But his freedom was short-lived: He was captured again in November 1637, and this time he was sent to Gatehouse Prison and then back to The Clink. He remained a prisoner at The Clink for four years before once again being released at the orders of the Queen. Again, and then again.... Father Southworth was arrested and then released three times, always returning to his vocation of priestly service in England. Finally, he was arrested and imprisoned a fourth time, but this time he escaped from prison; and for 14 years, from 1640 until 1654, he quietly continued his ministry while evading notice of the government.

 

Back to Prison – Then a Brutal Execution

In 1649, after years of conflict with Parliament, England's King Charles I was executed in front of Banqueting House in Whitehall. His widow Queen Henrietta Marie was forced into exile in her native France. During this period of Interregnum, anti-Catholic policies were again vigorously enforced, and Father Southworth was arrested again. This time he was tried under Elizabethan anti-priest legislation. There was little evidence to convict him, and his friends encouraged him to deny being a priest, but he refused. Standing calmly before his accusers, Fr. Southworth pleaded guilty to exercising the priesthood. He was sentenced to be hanged, drawn and quartered, the punishment meted out to those guilty of high treason, and was executed at Tyburn, London on June 28, 1654. Before he died, he proclaimed to those gathered, “This gallows I look on as His cross, which I gladly take to follow my dear Savior.”

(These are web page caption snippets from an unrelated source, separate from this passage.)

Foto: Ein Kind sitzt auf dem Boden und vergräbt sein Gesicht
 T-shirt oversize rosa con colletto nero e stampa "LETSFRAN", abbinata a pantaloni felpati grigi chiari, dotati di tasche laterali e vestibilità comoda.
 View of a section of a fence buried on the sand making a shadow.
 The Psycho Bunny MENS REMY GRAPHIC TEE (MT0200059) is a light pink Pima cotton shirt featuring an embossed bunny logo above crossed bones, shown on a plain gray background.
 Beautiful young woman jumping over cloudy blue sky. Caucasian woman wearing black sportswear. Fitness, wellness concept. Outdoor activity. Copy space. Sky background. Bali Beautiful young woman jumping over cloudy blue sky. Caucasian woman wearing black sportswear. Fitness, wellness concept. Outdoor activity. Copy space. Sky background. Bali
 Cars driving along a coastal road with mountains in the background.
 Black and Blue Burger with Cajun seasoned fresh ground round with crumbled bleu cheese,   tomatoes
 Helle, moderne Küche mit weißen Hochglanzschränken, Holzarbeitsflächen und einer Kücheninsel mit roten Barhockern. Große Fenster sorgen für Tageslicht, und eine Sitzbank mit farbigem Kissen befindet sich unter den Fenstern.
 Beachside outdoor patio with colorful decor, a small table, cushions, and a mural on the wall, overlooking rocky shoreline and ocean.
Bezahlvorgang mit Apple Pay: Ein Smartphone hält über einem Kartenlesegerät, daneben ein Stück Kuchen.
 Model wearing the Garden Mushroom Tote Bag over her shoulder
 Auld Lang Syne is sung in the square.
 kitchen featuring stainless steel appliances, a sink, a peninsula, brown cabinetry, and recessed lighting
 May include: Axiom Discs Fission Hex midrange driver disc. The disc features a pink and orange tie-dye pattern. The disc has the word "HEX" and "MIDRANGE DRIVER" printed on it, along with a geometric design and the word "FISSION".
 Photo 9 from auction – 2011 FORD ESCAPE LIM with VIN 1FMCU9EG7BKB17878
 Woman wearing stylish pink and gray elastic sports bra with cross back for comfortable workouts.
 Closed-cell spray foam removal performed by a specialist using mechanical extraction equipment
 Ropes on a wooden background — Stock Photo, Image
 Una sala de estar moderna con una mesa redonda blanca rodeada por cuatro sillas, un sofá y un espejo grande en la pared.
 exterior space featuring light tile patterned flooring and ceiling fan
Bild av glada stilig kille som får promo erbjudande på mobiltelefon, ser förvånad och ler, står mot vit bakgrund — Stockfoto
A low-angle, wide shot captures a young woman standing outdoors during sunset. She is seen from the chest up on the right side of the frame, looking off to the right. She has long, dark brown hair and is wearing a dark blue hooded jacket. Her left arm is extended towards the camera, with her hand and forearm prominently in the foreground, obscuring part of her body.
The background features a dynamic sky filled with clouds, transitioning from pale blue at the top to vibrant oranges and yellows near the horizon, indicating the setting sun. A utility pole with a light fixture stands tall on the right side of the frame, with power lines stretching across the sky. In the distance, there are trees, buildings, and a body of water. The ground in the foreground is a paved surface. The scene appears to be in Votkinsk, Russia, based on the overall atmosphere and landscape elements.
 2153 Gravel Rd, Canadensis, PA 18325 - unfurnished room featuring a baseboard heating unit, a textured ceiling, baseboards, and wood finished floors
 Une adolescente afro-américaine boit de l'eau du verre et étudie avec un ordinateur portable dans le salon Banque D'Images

After war broke out between England and France in 1793, Southworth's coffin was hidden in an unmarked grave in the kilns beneath the seminary for protection. For years it was lost, only coming to light again in 1927. His coffin was returned to England and is now kept in the Chapel of St. George and the English Martyrs in Westminster Cathedral. 

Father Southworth was beatified in 1929, and canonized with the Forty Martyrs by Pope Paul VI in 1970. His feast day is celebrated in the Westminster Diocese on June 27.